ACTIVITY.
When you write out the records, keep every line exactly as it is.

Data extracted from a collection
• • • •

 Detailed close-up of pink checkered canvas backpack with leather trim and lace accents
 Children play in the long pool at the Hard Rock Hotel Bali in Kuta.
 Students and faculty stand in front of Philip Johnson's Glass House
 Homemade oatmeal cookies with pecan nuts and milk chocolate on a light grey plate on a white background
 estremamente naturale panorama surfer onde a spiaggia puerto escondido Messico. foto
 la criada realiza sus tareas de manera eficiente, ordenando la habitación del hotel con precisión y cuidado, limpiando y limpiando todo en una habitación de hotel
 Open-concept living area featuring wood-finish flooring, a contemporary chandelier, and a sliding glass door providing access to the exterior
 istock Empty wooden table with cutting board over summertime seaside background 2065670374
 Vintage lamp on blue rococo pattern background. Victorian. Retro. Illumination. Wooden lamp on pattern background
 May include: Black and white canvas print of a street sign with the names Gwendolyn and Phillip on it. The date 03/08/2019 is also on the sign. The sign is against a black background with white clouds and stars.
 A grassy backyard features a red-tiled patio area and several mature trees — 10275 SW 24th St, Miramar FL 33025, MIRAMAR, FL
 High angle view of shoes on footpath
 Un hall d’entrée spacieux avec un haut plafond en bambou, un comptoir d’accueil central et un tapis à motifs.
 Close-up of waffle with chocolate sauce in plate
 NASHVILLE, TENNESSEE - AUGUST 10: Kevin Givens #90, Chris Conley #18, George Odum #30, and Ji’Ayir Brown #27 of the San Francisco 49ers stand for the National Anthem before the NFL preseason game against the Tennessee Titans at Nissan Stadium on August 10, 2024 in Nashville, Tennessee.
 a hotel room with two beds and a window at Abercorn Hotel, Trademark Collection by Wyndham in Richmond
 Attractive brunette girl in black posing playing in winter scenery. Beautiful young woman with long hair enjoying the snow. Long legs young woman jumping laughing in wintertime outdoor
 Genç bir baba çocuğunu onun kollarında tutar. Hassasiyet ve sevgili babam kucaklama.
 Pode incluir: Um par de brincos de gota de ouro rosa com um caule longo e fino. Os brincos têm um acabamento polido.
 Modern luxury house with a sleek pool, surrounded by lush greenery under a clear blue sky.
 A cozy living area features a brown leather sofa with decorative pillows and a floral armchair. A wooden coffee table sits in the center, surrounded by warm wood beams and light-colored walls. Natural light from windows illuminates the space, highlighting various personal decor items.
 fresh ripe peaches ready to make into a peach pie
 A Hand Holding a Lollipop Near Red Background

• • • •

WRITTEN SOLUTION.
 Detailed close-up of pink checkered canvas backpack with leather trim and lace accents
 Children play in the long pool at the Hard Rock Hotel Bali in Kuta.
 Students and faculty stand in front of Philip Johnson's Glass House
 Homemade oatmeal cookies with pecan nuts and milk chocolate on a light grey plate on a white background
 estremamente naturale panorama surfer onde a spiaggia puerto escondido Messico. foto
 la criada realiza sus tareas de manera eficiente, ordenando la habitación del hotel con precisión y cuidado, limpiando y limpiando todo en una habitación de hotel
 Open-concept living area featuring wood-finish flooring, a contemporary chandelier, and a sliding glass door providing access to the exterior
 istock Empty wooden table with cutting board over summertime seaside background 2065670374
 Vintage lamp on blue rococo pattern background. Victorian. Retro. Illumination. Wooden lamp on pattern background
 May include: Black and white canvas print of a street sign with the names Gwendolyn and Phillip on it. The date 03/08/2019 is also on the sign. The sign is against a black background with white clouds and stars.
 A grassy backyard features a red-tiled patio area and several mature trees — 10275 SW 24th St, Miramar FL 33025, MIRAMAR, FL
 High angle view of shoes on footpath
 Un hall d’entrée spacieux avec un haut plafond en bambou, un comptoir d’accueil central et un tapis à motifs.
 Close-up of waffle with chocolate sauce in plate
 NASHVILLE, TENNESSEE - AUGUST 10: Kevin Givens #90, Chris Conley #18, George Odum #30, and Ji’Ayir Brown #27 of the San Francisco 49ers stand for the National Anthem before the NFL preseason game against the Tennessee Titans at Nissan Stadium on August 10, 2024 in Nashville, Tennessee.
 a hotel room with two beds and a window at Abercorn Hotel, Trademark Collection by Wyndham in Richmond
 Attractive brunette girl in black posing playing in winter scenery. Beautiful young woman with long hair enjoying the snow. Long legs young woman jumping laughing in wintertime outdoor
 Genç bir baba çocuğunu onun kollarında tutar. Hassasiyet ve sevgili babam kucaklama.
 Pode incluir: Um par de brincos de gota de ouro rosa com um caule longo e fino. Os brincos têm um acabamento polido.
 Modern luxury house with a sleek pool, surrounded by lush greenery under a clear blue sky.
 A cozy living area features a brown leather sofa with decorative pillows and a floral armchair. A wooden coffee table sits in the center, surrounded by warm wood beams and light-colored walls. Natural light from windows illuminates the space, highlighting various personal decor items.
 fresh ripe peaches ready to make into a peach pie
 A Hand Holding a Lollipop Near Red Background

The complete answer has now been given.